Homework 5 Solution (Motion Estimation for Video Coding)

EE4414 Multimedia Communication System II, Fall 2005, Yao Wang

Homework 5 Solution (Motion estimation for video coding)

______

Describe the major steps of EBMA algorithms with integer-pel accuracy, either in the form of a pseudo C-code, or matlab code, or flow graph.

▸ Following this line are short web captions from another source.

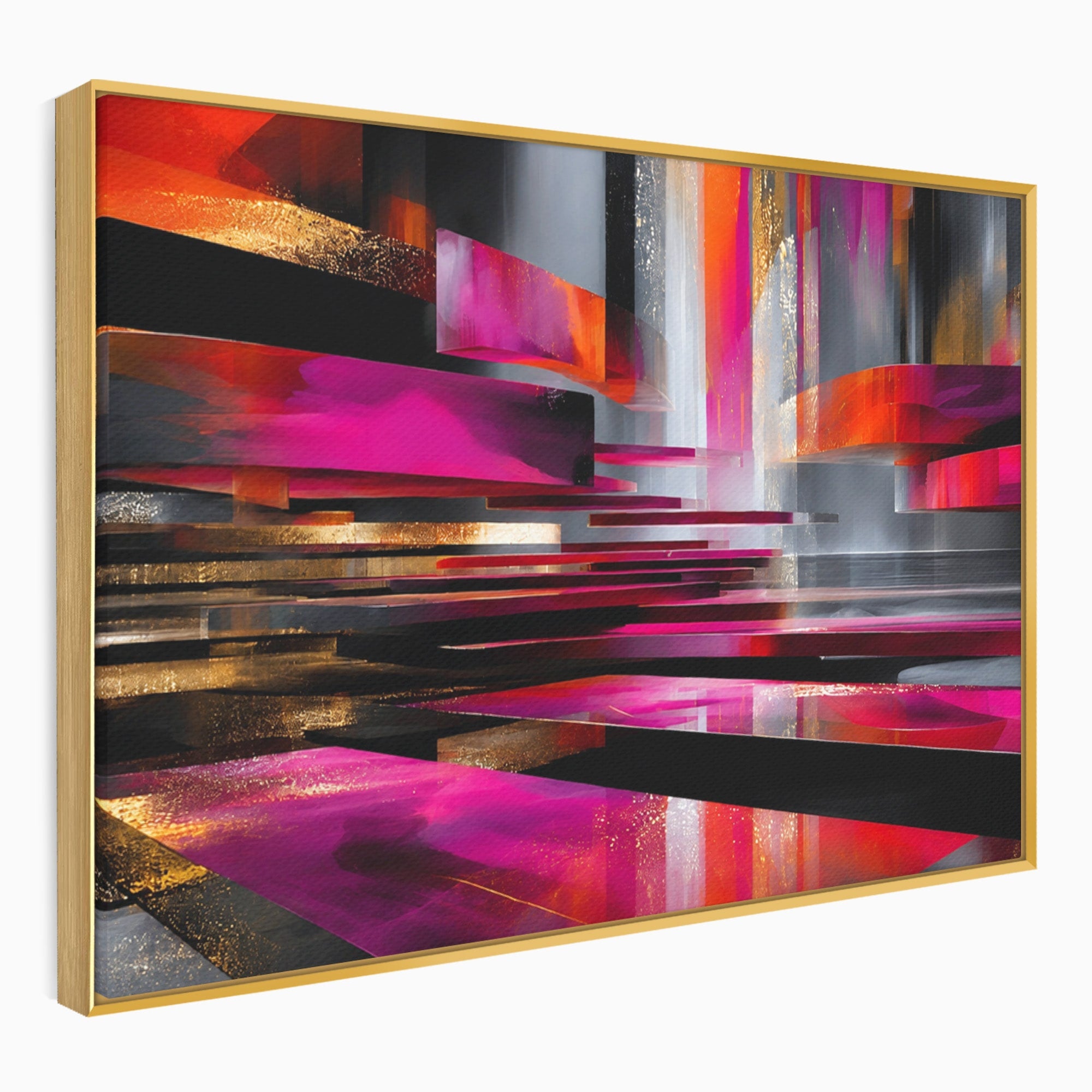 Tablou Canvas Premium LuxCanva® C1360, Arhitectura Abstracta, Abstract, Arhitectura, Modern, Living, Birou, Culori Vibrante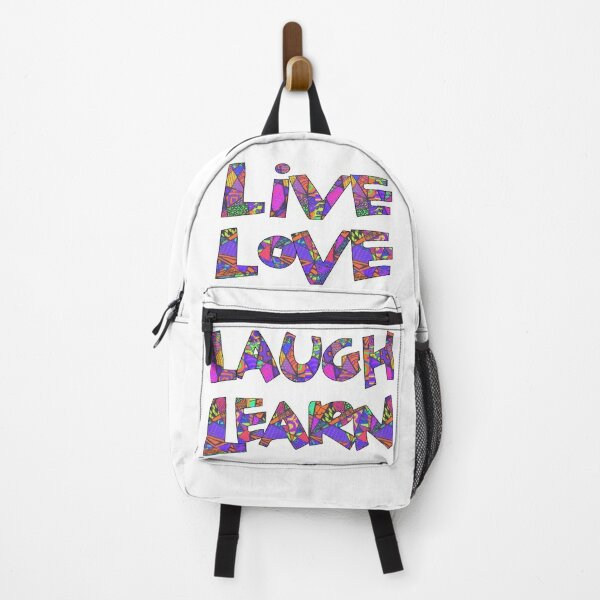 Live Love Laugh Learn Backpack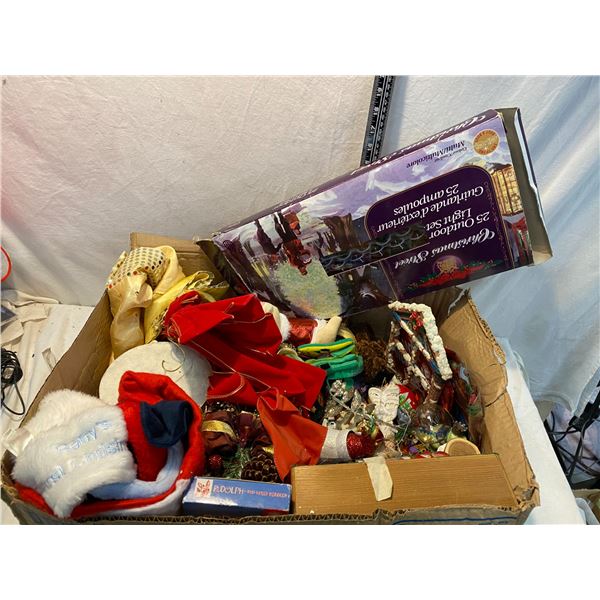 Assorted Christmas items and decor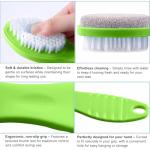 WAFJAMF Foot Stone Brush Exfoliating Brush Shower Foot Srubber with Pumice(1 PCS Green)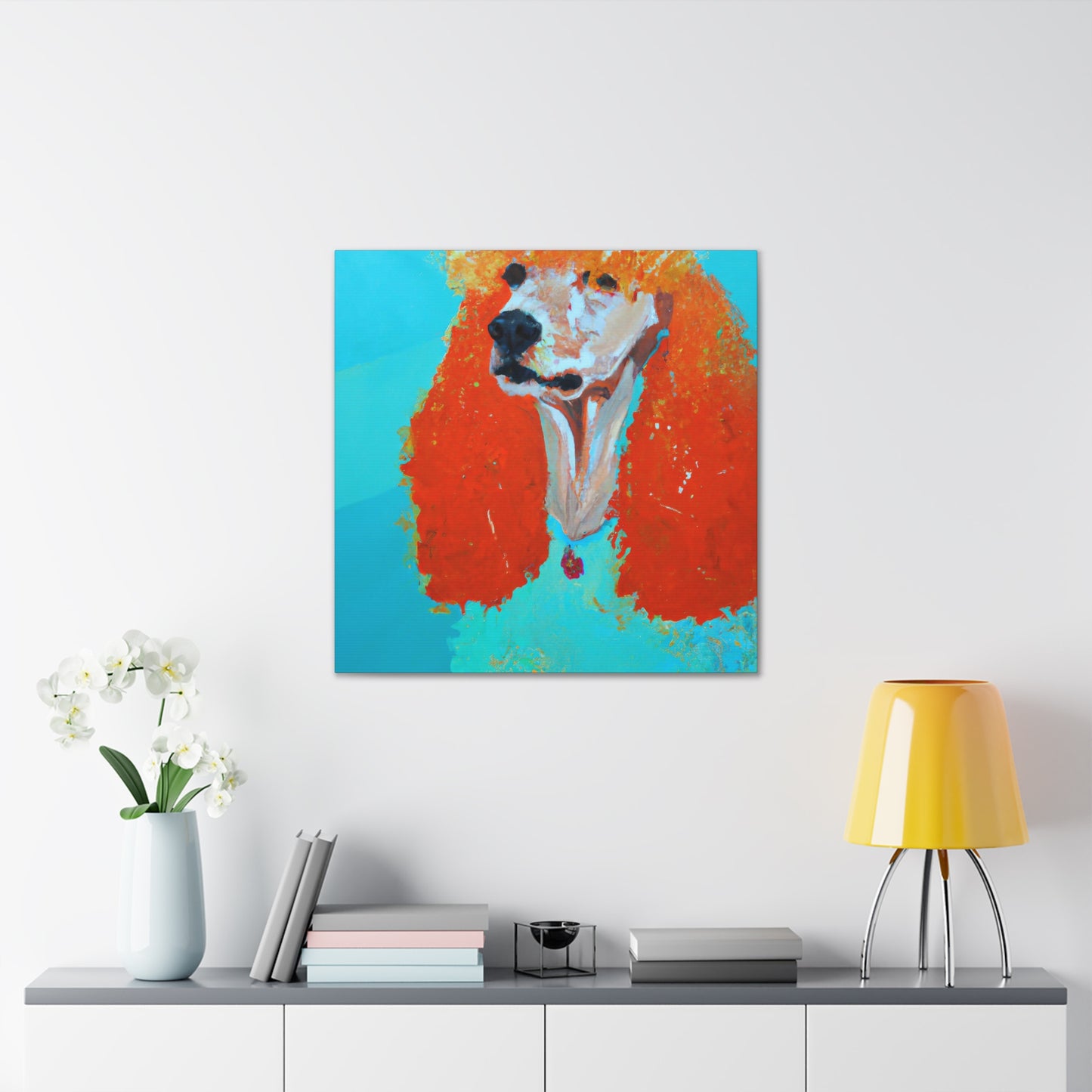 King Osvalde de Franchi - Poodle - Canvas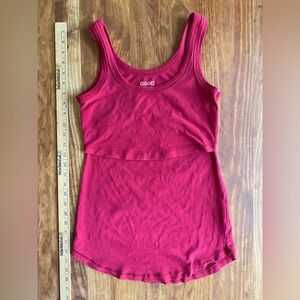 Boob Design tank & Gap Maternity leggings, size small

Pseudo code in MATLAB style:

%frame size: fheight,fwidth

%block size: bheight, bwidth

%search range: hsrange, vsrange

%vMV_field, hMV_field: store the vertical and horizontal MVs

MV_field_height=floor(fheight/bheight);

MV_field_width=floor(fwidth/bwidth);

vMV_field=zeros(MV_field_height,MV_field_width);

hMV_field=zeros(MV_field_height,MV_field_width);

MAX_SAD=255*bheight*bwidth;

%for every block in the anchor frame, left corner at (r,c)

for (r=1:bheight:fheight)

for (c=1:bwidth:fwidth)

%initialize

SAD_min=MAX_SAD;vMV=0,hMV=0;

anchor_block=anchor_frame(r:r+bheight-1,c:c+bwidth-1);

%for every candidate_block_position_in_search_range,

%left corner at (sr,sc)

%increment by 1 pixel to left or down

for (sr=r-vsrange:1:r+vsrange)

for (sc=c-hsrange:1:c+hsrange)

candidate_block=

target_frame(sr:1:sr+bheight-1,sc:1:sc+bwidth-1);

SAD=calculate_SAD(anchor_block,candidate_block);

if SAD<SAD_min

SAD_min=SAD;

vMV=sr-r; hMV=sc-c;

end;

blk_r=floor(r/bheight);blk_c=floor(c/bwidth);

vMV_field(blk_r,blk_c)=vMV; hMV_field(blk_r,blk_c)=hMV;

predicted_frame(r:r+bheight-1,c:c+bwidth-1)=candidate_block;

end;

For a video of 30 frame/second, 352x288/frame, what is the number of operations needed per second to accomplish EBMA if we use block size of 16x16, search range of –16 to 16? (count one subtraction and taking absolute value, and sum of two numbers as one operation). Does the total operation count depend on the block size?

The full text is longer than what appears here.